The spot price for benchmark 64Mb DRAM chips, which had been as high as $US9 per chip in mid-2000, was hovering just above the $US2 mark at the end of last week, while benchmark 128Mb DRAM chips were priced around $US4.40 to $US4.50 per chip, said Steve Tan, an analyst at the Singapore offices of memory chip market data provider Independent Commodity Information Services - London Oil Reports (ICIS-LOR).
"This market is really crazy now," said Tan. A slight rally in prices mid-week failed to gather momentum. "It's gone back down again -- I think it was a slight correction. From what I gather, if the 128Mb prices hit $US4.10 to $US4.20, the 64Mb will probably go down to $US2."

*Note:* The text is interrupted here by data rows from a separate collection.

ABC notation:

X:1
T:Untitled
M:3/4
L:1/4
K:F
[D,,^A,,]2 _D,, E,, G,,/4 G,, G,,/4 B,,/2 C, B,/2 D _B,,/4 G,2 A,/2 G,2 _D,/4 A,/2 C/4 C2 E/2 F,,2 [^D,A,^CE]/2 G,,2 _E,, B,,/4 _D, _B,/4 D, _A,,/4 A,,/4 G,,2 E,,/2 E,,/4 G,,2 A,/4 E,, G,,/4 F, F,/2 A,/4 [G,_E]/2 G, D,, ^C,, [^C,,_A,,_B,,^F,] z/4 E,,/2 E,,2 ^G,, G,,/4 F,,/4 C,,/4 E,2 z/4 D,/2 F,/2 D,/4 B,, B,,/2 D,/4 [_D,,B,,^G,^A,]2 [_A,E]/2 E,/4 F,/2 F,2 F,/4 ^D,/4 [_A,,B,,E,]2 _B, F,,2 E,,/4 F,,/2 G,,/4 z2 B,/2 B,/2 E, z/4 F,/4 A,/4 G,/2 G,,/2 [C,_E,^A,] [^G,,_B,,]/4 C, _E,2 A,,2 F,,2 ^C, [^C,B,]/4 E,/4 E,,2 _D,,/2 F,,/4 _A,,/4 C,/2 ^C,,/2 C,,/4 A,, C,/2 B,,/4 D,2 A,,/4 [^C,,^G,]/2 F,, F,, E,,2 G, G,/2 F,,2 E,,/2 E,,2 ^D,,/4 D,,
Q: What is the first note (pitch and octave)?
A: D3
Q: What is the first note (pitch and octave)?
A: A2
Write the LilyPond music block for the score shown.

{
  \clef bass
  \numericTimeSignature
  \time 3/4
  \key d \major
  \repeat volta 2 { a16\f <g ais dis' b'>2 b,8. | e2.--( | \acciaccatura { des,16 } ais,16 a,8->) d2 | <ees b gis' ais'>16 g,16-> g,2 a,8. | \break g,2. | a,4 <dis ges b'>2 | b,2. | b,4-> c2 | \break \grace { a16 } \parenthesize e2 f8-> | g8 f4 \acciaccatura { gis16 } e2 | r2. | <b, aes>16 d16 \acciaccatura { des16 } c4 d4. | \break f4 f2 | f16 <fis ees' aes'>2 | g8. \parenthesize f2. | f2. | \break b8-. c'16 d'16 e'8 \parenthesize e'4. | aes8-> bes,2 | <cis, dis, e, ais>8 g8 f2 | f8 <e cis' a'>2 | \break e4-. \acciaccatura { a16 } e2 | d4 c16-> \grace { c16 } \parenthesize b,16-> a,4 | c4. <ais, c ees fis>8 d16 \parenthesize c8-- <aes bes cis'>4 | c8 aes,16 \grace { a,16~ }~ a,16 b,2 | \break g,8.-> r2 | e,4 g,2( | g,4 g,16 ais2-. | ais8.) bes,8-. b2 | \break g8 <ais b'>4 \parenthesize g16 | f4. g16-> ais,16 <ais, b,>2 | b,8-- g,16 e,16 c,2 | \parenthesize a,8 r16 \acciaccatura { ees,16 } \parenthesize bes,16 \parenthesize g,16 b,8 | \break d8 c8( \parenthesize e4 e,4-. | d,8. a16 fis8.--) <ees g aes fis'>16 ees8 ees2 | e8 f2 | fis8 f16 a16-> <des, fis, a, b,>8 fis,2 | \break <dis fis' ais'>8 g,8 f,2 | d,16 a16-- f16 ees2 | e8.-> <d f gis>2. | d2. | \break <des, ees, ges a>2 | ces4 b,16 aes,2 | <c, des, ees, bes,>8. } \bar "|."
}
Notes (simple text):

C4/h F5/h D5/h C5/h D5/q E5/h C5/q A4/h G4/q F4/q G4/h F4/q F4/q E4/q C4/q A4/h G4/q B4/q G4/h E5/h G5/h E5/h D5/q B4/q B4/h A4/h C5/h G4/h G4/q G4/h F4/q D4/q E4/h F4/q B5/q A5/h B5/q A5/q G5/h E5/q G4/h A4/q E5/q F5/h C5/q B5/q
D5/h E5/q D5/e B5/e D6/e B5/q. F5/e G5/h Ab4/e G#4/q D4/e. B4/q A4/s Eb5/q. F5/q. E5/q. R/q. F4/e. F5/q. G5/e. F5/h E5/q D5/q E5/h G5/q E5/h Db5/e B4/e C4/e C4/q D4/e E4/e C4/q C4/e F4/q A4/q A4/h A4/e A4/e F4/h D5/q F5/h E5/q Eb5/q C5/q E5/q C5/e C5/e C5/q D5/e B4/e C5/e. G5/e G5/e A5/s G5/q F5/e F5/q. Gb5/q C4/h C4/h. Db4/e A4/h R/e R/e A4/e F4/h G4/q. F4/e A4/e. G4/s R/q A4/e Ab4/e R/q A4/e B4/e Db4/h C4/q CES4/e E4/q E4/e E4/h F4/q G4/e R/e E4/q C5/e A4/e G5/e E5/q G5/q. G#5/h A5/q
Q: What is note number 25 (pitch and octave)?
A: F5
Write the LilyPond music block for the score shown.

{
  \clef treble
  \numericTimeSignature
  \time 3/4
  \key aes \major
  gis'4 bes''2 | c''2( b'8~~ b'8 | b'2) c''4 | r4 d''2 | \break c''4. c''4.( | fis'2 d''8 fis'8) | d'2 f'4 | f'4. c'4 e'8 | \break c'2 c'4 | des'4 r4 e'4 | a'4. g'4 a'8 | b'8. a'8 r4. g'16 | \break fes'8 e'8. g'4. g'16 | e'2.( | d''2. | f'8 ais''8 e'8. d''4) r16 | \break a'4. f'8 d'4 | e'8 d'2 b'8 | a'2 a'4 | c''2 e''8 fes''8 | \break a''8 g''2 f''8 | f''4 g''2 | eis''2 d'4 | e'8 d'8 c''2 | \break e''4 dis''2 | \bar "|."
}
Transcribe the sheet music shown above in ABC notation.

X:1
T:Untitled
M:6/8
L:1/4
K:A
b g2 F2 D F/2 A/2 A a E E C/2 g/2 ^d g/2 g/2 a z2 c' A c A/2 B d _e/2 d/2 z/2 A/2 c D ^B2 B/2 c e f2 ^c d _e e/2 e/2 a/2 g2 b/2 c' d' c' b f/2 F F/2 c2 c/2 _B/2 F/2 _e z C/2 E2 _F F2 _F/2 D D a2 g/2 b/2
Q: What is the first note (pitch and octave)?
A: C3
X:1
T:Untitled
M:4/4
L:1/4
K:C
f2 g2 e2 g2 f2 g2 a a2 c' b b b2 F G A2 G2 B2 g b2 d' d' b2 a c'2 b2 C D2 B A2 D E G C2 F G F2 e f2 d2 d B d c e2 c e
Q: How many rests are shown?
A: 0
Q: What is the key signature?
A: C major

At blame for the continued weakness is bad sentiment in the market, said Tan. He said market rumours, whether true or not, that major players LG Electronics, Hyundai Electronics and Micron Technology have significant inventory and are dumping it in the market has been depressing prices.
In the near term, he expects prices to continue falling as traders remain wary of the market.
"We all though that $US2.40 to $US2.50 would be the lowest (for 64Mb chips) and that's why some of the traders bought at that price. Then it started going down again so now they're just going to stay out of the market and wait for it to go below $US2," he said. "$US1.50 to $US1.60 may be the new bottom."
Memory chip companies are already losing money at the current levels and few are willing to comment on the state of the market and where prices may be heading.
"We've learned from the 16M DRAM that there is no limit," said Aston Bridgman, a spokesman for NEC.